189,500 for a 3br 1.5ba condo with a 1 car garage.

HOA: 280/mo



This is a turnkey property, so minimum, if any, remodeling or updates needed.

What's your take on the deal? 

Good morning,

I personally do not like condos for several reasons. But that's not the question your asking. I think it really depends on a couple things. What does the HOA cover for those monthly fees? Exterior, roof, landscaping and maintenance, etc. Once you know those answers, it will give you a better idea if its a good deal or not. Some HOA's cover almost nothing and others cover everything to do with exterior maintenance, plumbing and electrical (in the walls only). Some HOA's are poorly run and mismanage funds so they cannot afford to take care of the property as it should be. IF they take care of all the above, you wont have to budget that money every month for exterior CAPEX or maint. Ask for a current copy of CC&Rs' and the budget too see what they cover and what they have planned and budgeted. Some times, they will force a special assessment, can be several 1000's of dollars per unit if they are short in reserves, for necessary CAPEX or repairs. A lot can be told from just looking around the complex. How does it look? Is it well maintained? Paint and roof in good shape? Is it clean, swept, dumpster area in good shape? No weeds and trees are trimmed etc.

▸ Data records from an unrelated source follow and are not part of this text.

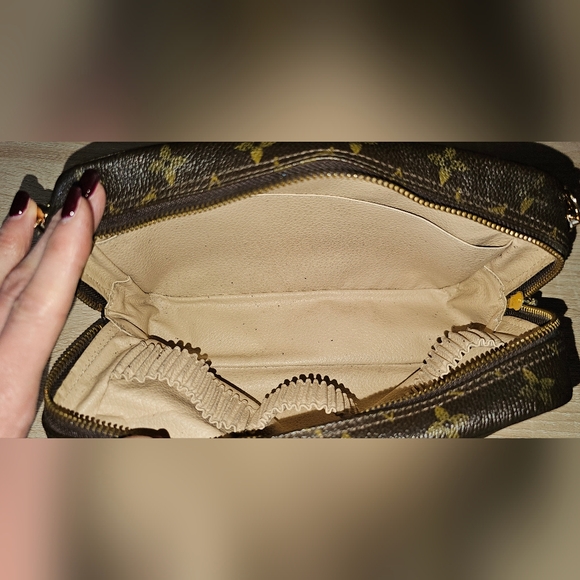 Authentic LOUIS VUITTON Trousse De Toilette 23 Crossbody Bag - Picture 5 of 12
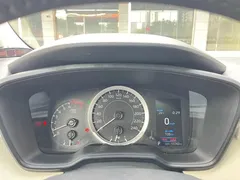 2021 Toyota Corolla 1.2T S-CVT Luxury — фото 24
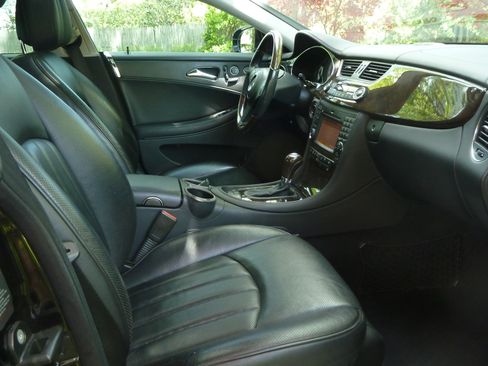 Used 2009 Mercedes-Benz CLS 550 image 20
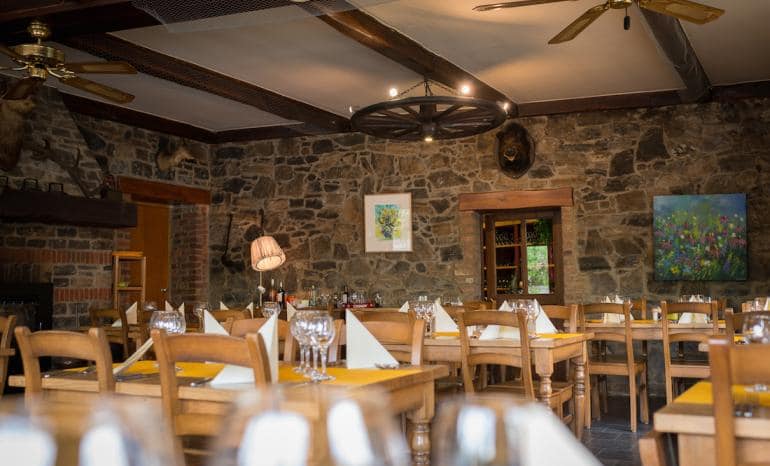 Auberge De La Lesse : Restaurant, restaurant à Celles (Houyet)
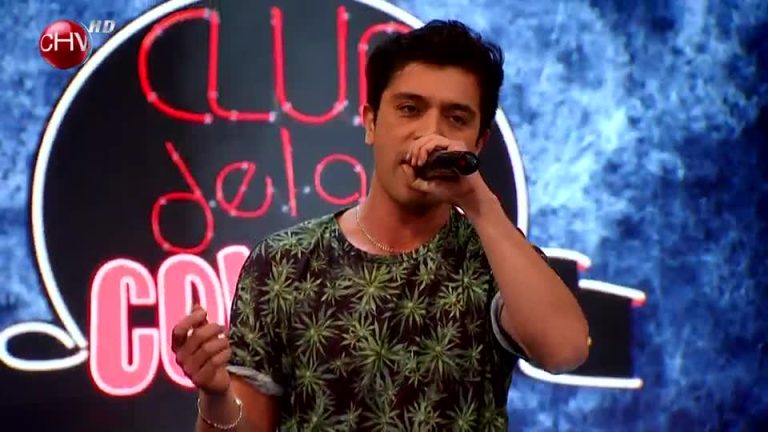 El cantante nacional cantó sus éxitos en el escenario de 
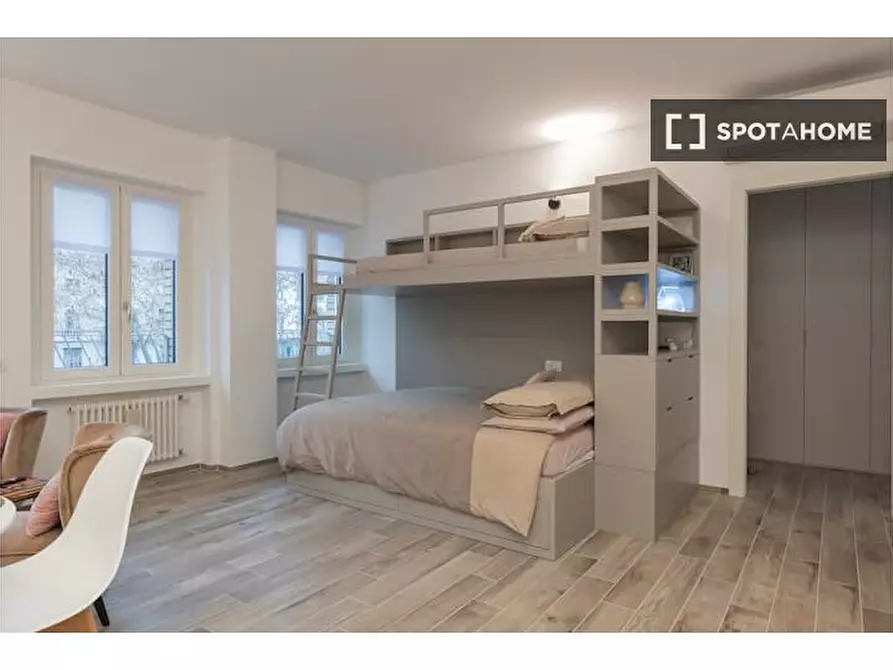 Immagine 4 di Ufficio in affitto  in Viale Campania a Milano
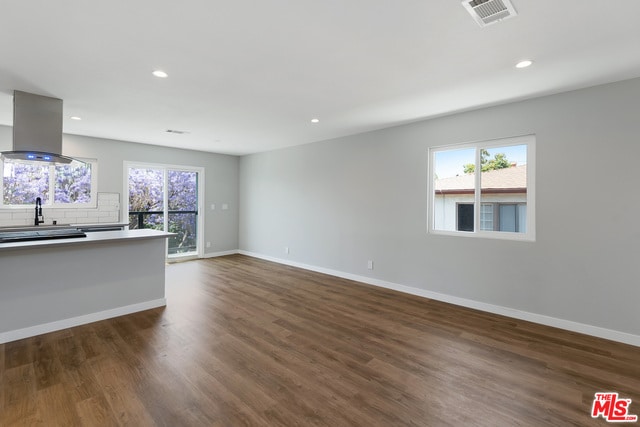 Building Photo - 5847 Willoughby Ave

I prefer multifamily now over a single units but have owned many SFR's. The more doors, the more cashflow and I wont have to deal with tenants because the income allows for a property manager. I don't know where that property is located or if this is your first deal or not, but I'm not too thrilled about the deal because 1 or 2 months empty or a water heater or a/c goes out and your running negative.

I hope that at least gives you things to think about before you decide.

@Alex Sazonov - Really depends on the appreciation potential and class of the property. What's the historic appreciation of similar condos over the last 3 years? Is this in an A, B, C, or D area?

This is a pretty skinny deal, cashflow-wise (and you'll have higher turnover since its a condo), but if it's rapidly appreciating in a great area it might make sense.

Thanks for the reply, folks. The condo association is very good. All roofs are being replaced as we speak, they cover exterior, landscaping, water, garbage pick-up, etc. It's also in one of the best school districts in US.

Appreciation potential is hard to tell given that I think home prices overall are overvalued by 10-20% nationwide. Cashflow from the property hangs around $450.

I get that if it's empty for a few months, we may be running negative. The heater, a/c, and washer/dryer are all newer (replaced in last 5 years).

This is in Northwest Chicago suburbs.